# Forum Home Renovation Tools & Products  Cheap tool chest

## OneZero

Shogun 16 Drawers Mechanic Trolley Tool BOX Roller Cabinet Toolbox Black | eBay 
Anyone bought of of these? They don't have roller sliders which is about the only down side I can see. I am not going to be using it all day every day so am thinking it might be a good buy so I can organise some of my stuff.

----------


## OBBob

30 day warranty. I'm sort of looking for a new toolbox too ... but I'm not sure how long the cheep ones would last. Also interested if anyone has any real feedback for a causal user.

----------


## justonething

Aldi is also selling a _toolbox_. It has a 3 years warranty.

----------


## OneZero

Same price as the ebay one but without as many draws.

----------


## MorganGT

Trust me, you definitely want ball bearing runners on the drawers.

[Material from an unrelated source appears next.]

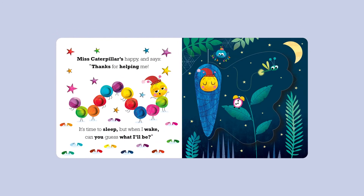Miss Caterpillar's happy and says, "Thanks for helping me. It's time to sleep. But when I wake, can you guess what I'll be?"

As soon as you load the drawers up with tools the extra weight makes the runners bind, and the cheaper cabinets without ball bearing runners are often thinner gauge steel, which means the drawers can easily flex and bind in the runners, so if you try to pull open a wide drawer from one side of its handle rather than dead centre it can easily jam.
This is the setup I have: Maxim Tool Chest ON Cabinet BOX Toolbox Snap Lock Drawers | eBay
I bought the top cabinet first to see what the quality was like, since  I couldn't check it out in person (I think they have a showroom in Sydney where you can actually try one out before you buy though) and was so happy with the quality I then bought the bottom cabinet. Very solid, double skin body, rigid drawers, good smooth ball bearing sliders, good locks, and the drawers are deeper front to back than a lot of other cabinets so fit bigger tools (long screwdrivers, big shifters, ratchet handles etc) without having to turn them sideways to fit them.
They also make a variety of sizes of top/bottom cabinets and sell them individually, so are likely to have something of a suitable size for your needs.

----------


## atregent

I've been looking at exactly the same one. Also don't mind the other colour options too (black with orange, and black with red), that seem to be quite prevalent on eBay. I would be guessing they are the same as the SupaTool ones from Bunnings. 
I'm really struggling to decide on one of these cheaper ones, or pony up the extra cash for a kincrome set, although that would be considerably more, it would also last me the rest of my life

----------


## OBBob

The good ones with the proper rollers do feel really nice to use. Not saying it's necessary though ...

----------


## Normanby

Have had two Calibre brand from Super Cheap Auto for a few years. Well constructed, drawers roll ok, Good castors for pushing around. These were the orange colour but just looked at SCA web page and now are blue. They also have SCA and other brands and often sale days with 20%, 40% etc off so maybe look at these.
Also have a couple of cheaper no brand ones off eBay but not as robust with thinner metal etc. Don't normally move these ones around so ok as static storage with no real heavy items in these.
Suggest you look at some before buying at Bunnings, SCA, local hardware etc. All have catalogue specials at times. I buy a lot of items off eBay but unless it is a known brand you don't all ways get the quality expected.

----------


## OBBob

Well Stanly appear to have lowered their target audience and presumably quality ... This includes tools I think?   http://m.supercheapauto.com.au/Produ...chanics/322115

----------


## METRIX

> Well Stanly appear to have lowered their target audience and presumably quality ... This includes tools I think?    http://m.supercheapauto.com.au/Produ...chanics/322115

  Stanley lowered their target audience long time ago and their quality, but their prices are still higher than most. 
Was looking at a 4 fold the other day, there was a Stanley made in England, the printing was all blury (on every one) and quality not very good $36. Rule Folding Rabone 1m 1301 Longlife 35-444 I/N 5665796 | Bunnings Warehouse 
Then there was a Lufkin - Made in Sweden, quality was fantastic, numbers clear as day $12, go figure that one out. Lufkin 1m Square Edge Folding Rule I/N 5661679 | Bunnings Warehouse 
Then theres the Stanley Rivet Gun at $42 !! , comes with a tiny 2c spanner to take the nose pieces out, but nowhere to store it on the tool, so it will become lost in 5 minutes.
And no latch to keep the gun closed, so it stays open and spread out at all times getting caught up in other tool in your bag, does anyone who designs these actually know what they are doing ! Stanley Heavy Duty Contractor Rivet Gun I/N 5911947 | Bunnings Warehouse

----------


## phild01

Was always a Lufkin fan until the last one I got was a piece of c*@p.  The only Stanley thing I have are the 8m tapes.  Cheap and reliable.

----------


## METRIX

> Was always a Lufkin fan until the last one I got was a piece of c*@p.  The only Stanley thing I have are the 8m tapes.  Cheap and reliable.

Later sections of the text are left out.